Saved data entries:
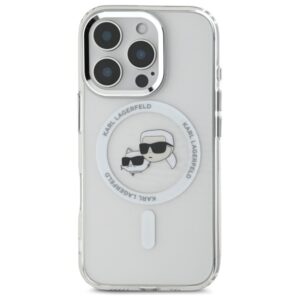 Karl Lagerfeld KLHMP16LHLSKCH Apple iPhone 16 Pro 6.3" baltos spalvos kietas dėklas IML Metal Karl&Choupette Head M - Image 3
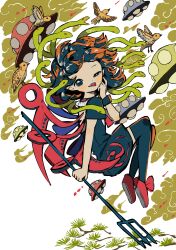 Rule 34 | 1girl, absurdres, animal, bird, black dress, black hair, black thighhighs, branch, cloud, commentary, dress, full body, half-closed eye, highres, houjuu nue, looking at viewer, medium hair, neruzou, pointy ears, polearm, red footwear, shoes, short dress, short sleeves, snake, solo, thighhighs, tongue, tongue out, touhou, trident, ufo, weapon, white background, whorled clouds, wings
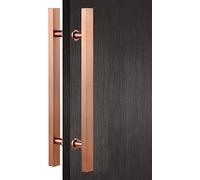 Modern Rose Gold Square H Shape Door Pull Handle - 80cm/32in Extra Long Barn Door Handle for Sliding Doors, Pantry, Shower, Double-Sided Grab Bar, Stylish Home Decor.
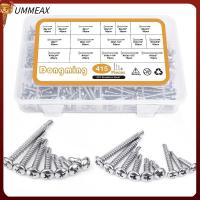 UMMEAX 415Pcs #6 #8 #10 สกรูเกลียวปล่อย สีดำสีดำ เหล็กไร้สนิม สกรูโลหะแผ่น แปรงมัดผม ชุดแยกสกรู โลหะพลาสติก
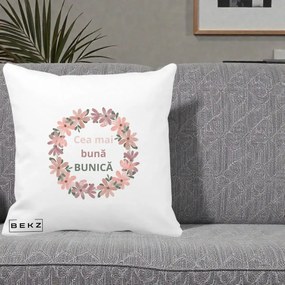 Cadou pentru Bunica - Perna Personalizata Cea Mai Buna Bunica Coronita Flori Roz, 40x40 cm, Alba Mata, Husa Detasabila, Perna Inclusa, BEKZ®
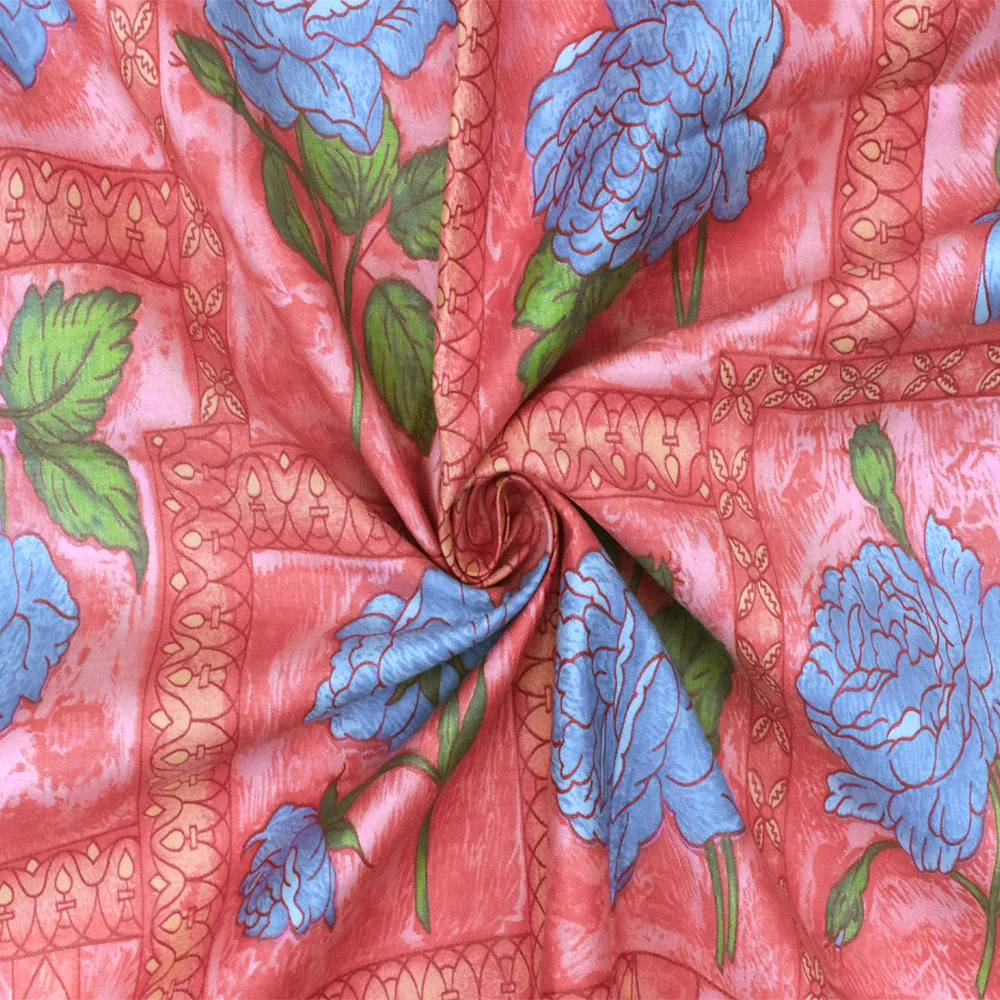 Flower Pink-Blue-Multi Floral Frame Printed Cotton Sateen Fabric - Image 3
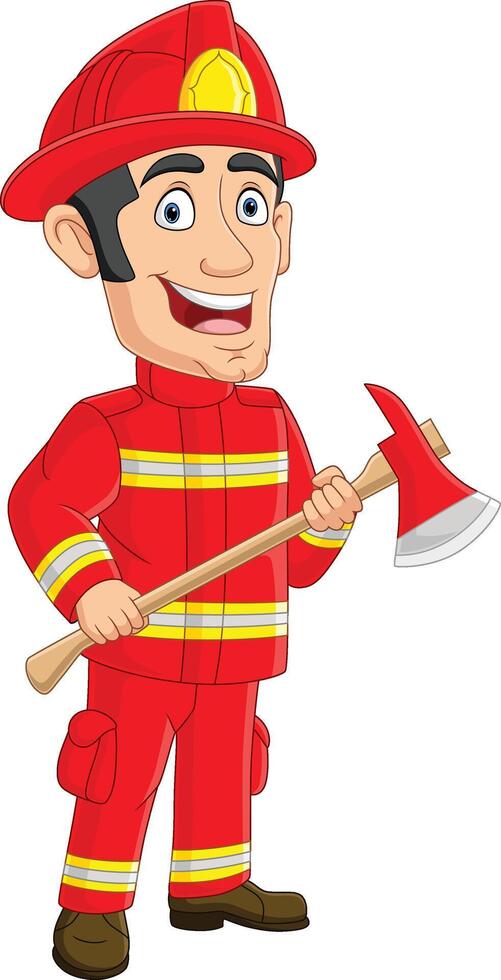 Cartoon firefighter holding an axe vector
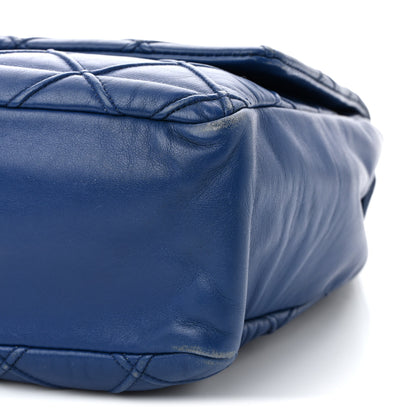Chanel Calfskin Diamond Debossed Large Cosmos Flap Blue 10 of 11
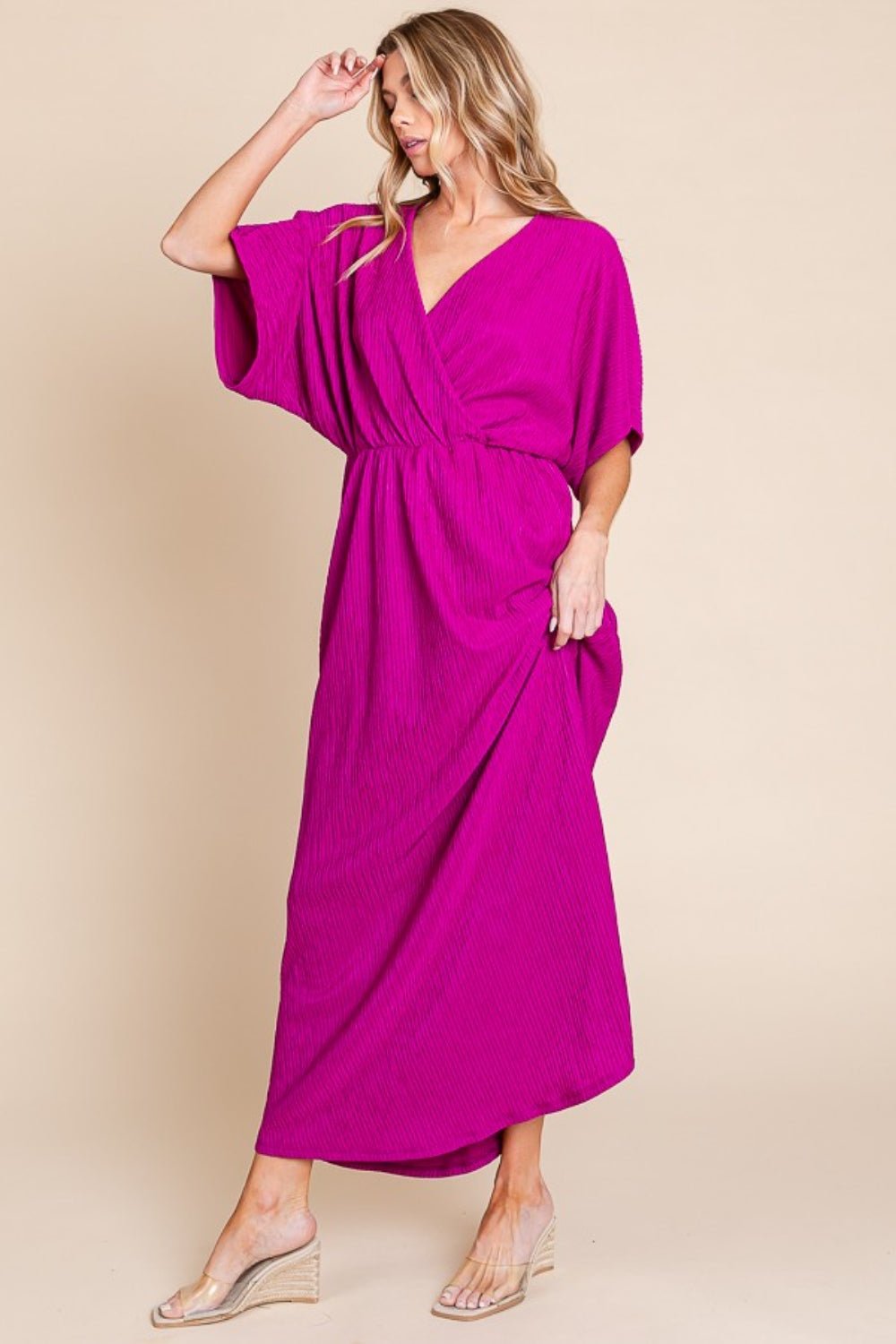 Surplice Maxi Dress with Pockets in MagentaMaxi DressBOMBOM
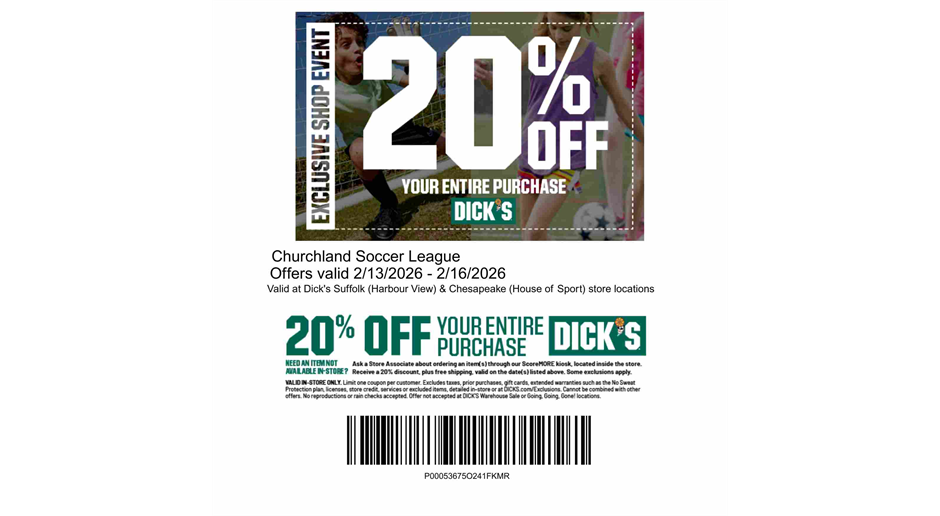 Dick's Day for CSL is  February 13th - 16th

▶ _WORK REQUEST_
Write the lines out again exactly, beginning at the one containing "Surplice Maxi Dress" and ending with the last line of the entries, but without any pictures.

▶ _SOLUTION FOR THIS PROBLEM_
 Surplice Maxi Dress with Pockets in MagentaMaxi DressBOMBOM
 Dick's Day for CSL is  February 13th - 16th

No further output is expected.